Rául Ortiz y Ortiz hablaba inexorablemente de Rosario Castellanos menos como una evocación que como una amiga a la que no podía dejar de profesarle un afecto perdurable y admiración, con la complicidad y todo aquello que puede converger en la amistad; una amistad más allá de la muerte.
Durante años, en Raúl Ortiz y Ortiz se impuso la idea de transformar en un libro la correspondencia epistolar que, derivada de su amistad inquebrantable, sostuvo con Rosario Castellanos. Trabajó afanosamente en ello con la colaboración de su sobrina Claudia Vidal Ortiz, de Ángel Cuevas, de Alfonso d’Aquino, examinó editores posibles, rebuscó sin temor a la obsesión.
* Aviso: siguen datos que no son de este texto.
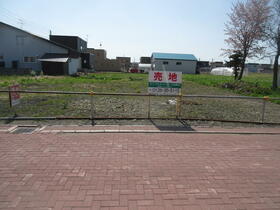 北海道岩見沢市北四条西６丁目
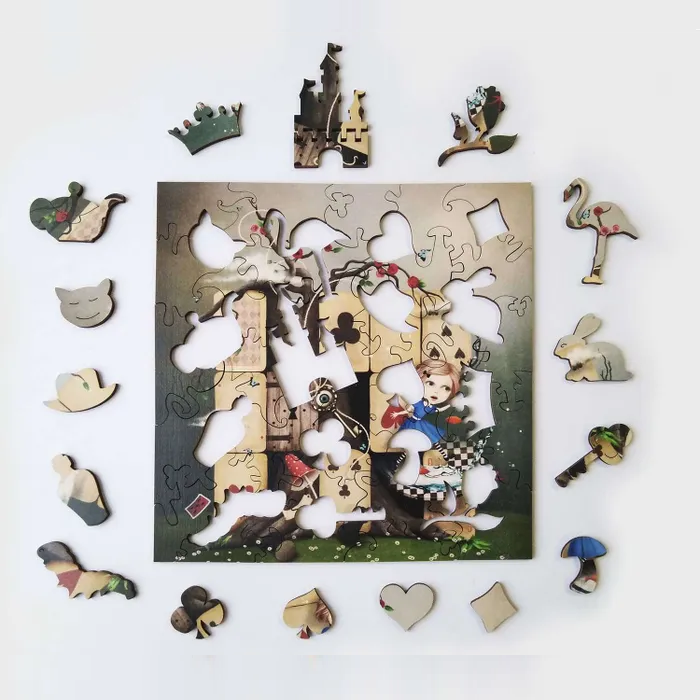 c83d492fc34b8d954845148e10d6deb4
Murió en 2016 sin poder tener el placer de ver ese volumen, de tocarlo, de hojearlo y ojearlo, de frecuentarlo, de detenerse en ciertas páginas, de volver a reírse acaso como la primera vez con esas cartas. Recientemente, con la generosidad de su sobrino Óscar Ortiz Soto, el volumen que imaginaba se ha convertido en objeto: Cartas encontradas (1966-1974), publicado por el Fondo de Cultura Económica en la colección Tezontle, editado por Alfonso D’Aquino con prólogo de Raúl Ortiz y Ortiz.
Un cruce de cartas puede revelar algo de quienes las han escrito y sus circunstancias; el que mantuvieron Rosario Castellanos y Raúl Ortiz y Ortiz depara la historia de una amistad, de sus protagonistas, de un momento aciago de la universidad, del devenir académico, de literatura, de la “vidita cultural”, como la llamaba José de la Colina, de la burocracia y la política en aquellos años críticos, de los Estados Unidos de América, de Israel.
El 23 de mayo de 1967, desde Bloomington, Rosario Castellanos le requería a Raúl Ortiz y Ortiz: “Contésteme pronto si se siente con ánimo, me da mucho gusto recibir tus cartas. Yo seré puntual y antes de irme te comunicaré mi dirección para continuar este epistolario que tanto me complace y que es, ya, el único género de la literatura que practico”. En las cartas de Rosario Castellanos puede descubrirse a una mujer cotidiana con una inteligencia que se manifestaba también con un sentido del humor natural, acaso compulsivo, que le permitía ensayar una crítica incisivamente festiva, un examen de gente, lugares, días y, de paso, de sí misma; a una lectora sagaz sin imposturas, a una escritora que, como le recomendaba Rilke a Franz Xavier Kappus, se preguntaba íntimamente: “¿debo escribir?” y se enfrentaba con un debo enérgico y sencillo, que se resguardaba de la Feria de Vanidades; a una mujer que no podía renunciar a una libertad lúdica.
En una carta dirigida al entonces secretario de Relaciones Exteriores, Emilio Óscar Rabasa Mishkin, Rosario Castellanos sostenía: “Me enorgullezco, por otra parte, de no haberle permitido jamás a ninguno que se interponga entre lo que escribo y yo”. Este epistolario puede incitar a leerla sin interposiciones, libremente.